2.3.1.2. ip_nat_setup_info() hash updating

ip_nat_setup_info() should check nat_info->initialized and update the hashes on it's own. Additionally the check whether the given hook has already initialized a NAT manip could also be moved there.


2.4. Conntrack Failover

Krisztian Kovacs did an experimental implementation of the netfilter failover solution described in the OLS2002 paper by Harald Welte. The implementation should be considered as proof-of-concept implementation. The code has not been released yet, and has not experienced any testing besides a simulated UML environment.

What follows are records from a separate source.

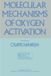 Molecular Mechanisms of Oxygen Activation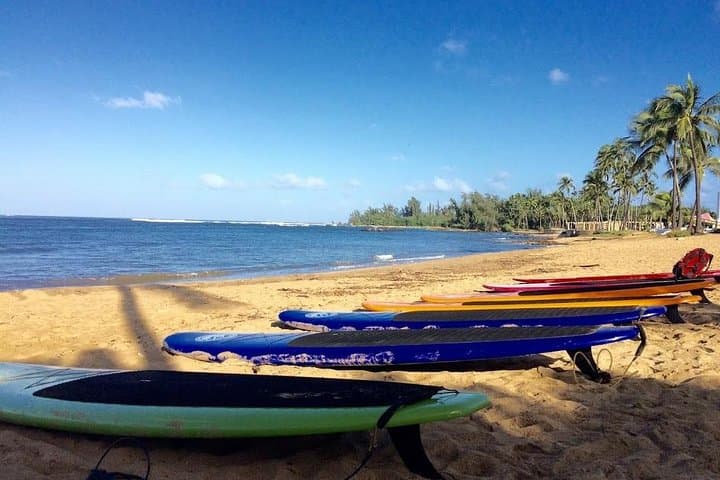 Haleiwa SUP Lesson and Turtle Tour on the Anahulu Stream photo 6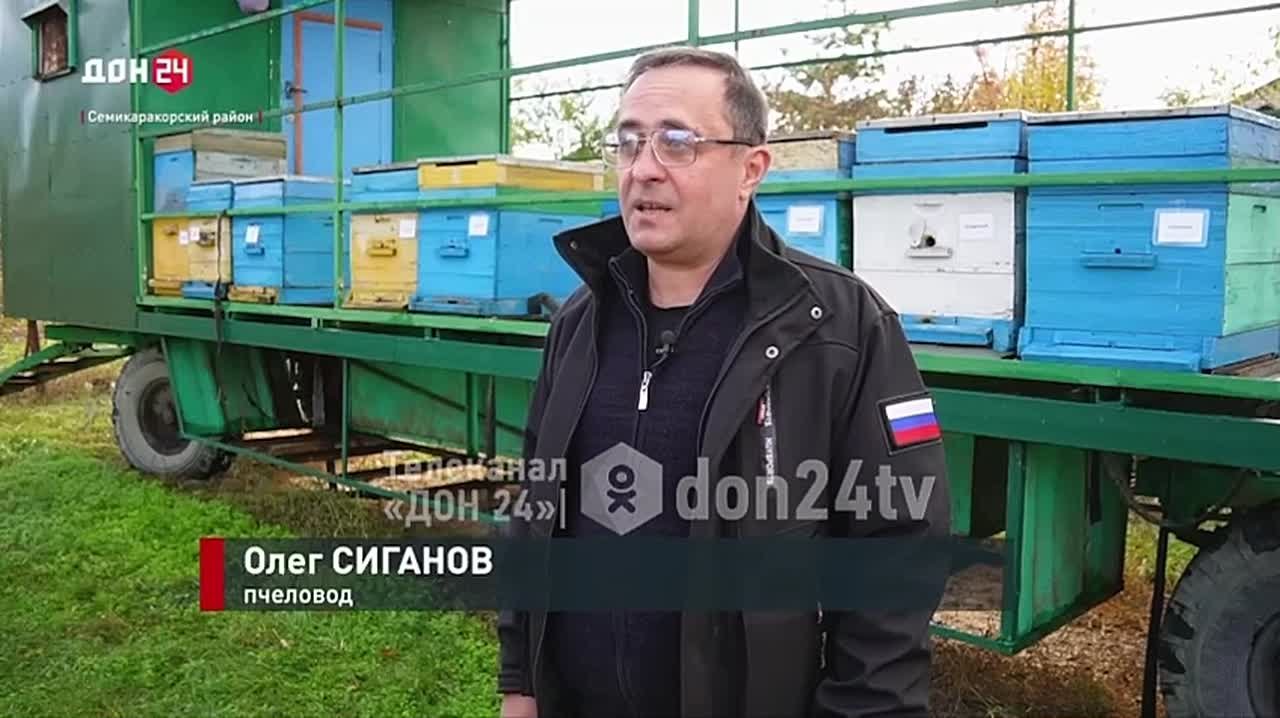 Не жизнь, а мёд: рассказываем историю опытного пчеловода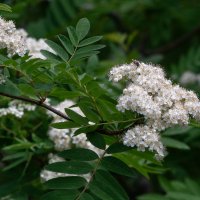 *** :: Виктор Иванович Чернюк *** :: Виктор Иванович Чернюк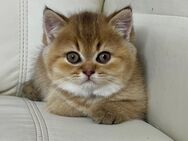 Sanfte Kitten-Dame – 2 Monate – liebevoll aufgezogen – Göppingen - Göppingen
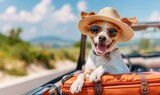Fototapeta Koty - Cute dog goes on a trip by car with suitcases. Concept tourism, vacation.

The author and Harald will work together on improving the code and to give it some testing on physical machines. If needed, Astaro would be happy to provide the testlab and pay for travel costs.


2.5. Logging Framework

Jozsef implemented a more general abstraction for a logging interface. This logging interface looks a bit like the current queue handler. Any module can register a logging handler with the core, and everybody who wants to log a packet just calls the logging handler. This way, packets can be logged from outside the LOG/ULOG target - like the TRACE patch or tcp window tracking.

The patch is pending for 2.4 and 2.6 kernel inclusion. It currently has to patch iptables userspace aswell. If the userspace patch can be removed, we would be able to include it without any incompatibilities


2.6. proc patch

- submit proc patch quickly


2.7. raw table

Jozsef Kadlecsik has implemented the 'raw' table. This table registers at PREROUTING with a higher priority than connection tracking. This way a NOTRACK target can be used to exempt certain packets from being tracked by connection tracking. It also implements a TRACE target, that turns on a special bit in the packet. Later in the lifetime of the packet, any subsystem (currently just iptables) can print information about what happens to the packet (certain rule has matched, jumping to different chain, applying a NAT mapping, ...).

This patch is supposed to be submitted immediately (after the logging patch, on which it depends)


2.8. TCP window tracking

TCP windowtracking should be submitted to both 2.4.x and 2.6.x kernels. It should be switched on by default in 2.6.x, _off_ in 2.4.x.

  • add tcp rfc793_compatible sysctl, what is default?

  • if OOW packet has broken checksum, don't print OOW message (2.6 only)

  • Add sysctl to control logging of OOW packets


2.9. nf-hipac

nf-hipac is an excellent packet filter for medium to large sized rulesets. Almost all the functionality of iptables is now supported, without any semantic difference.

The idea is to put the current 2.4.x patch into patch-o-matic. This should give nf-hipac more users. The userspace program remains a the hipac.org website - since they want to know about the approximate number of hipac users.

The 2.6.x version could go in at any time - once it's implementation is finished. However, it is questionable if nf-hipac should be submitted before it's user interface is unified with pkttnetlink.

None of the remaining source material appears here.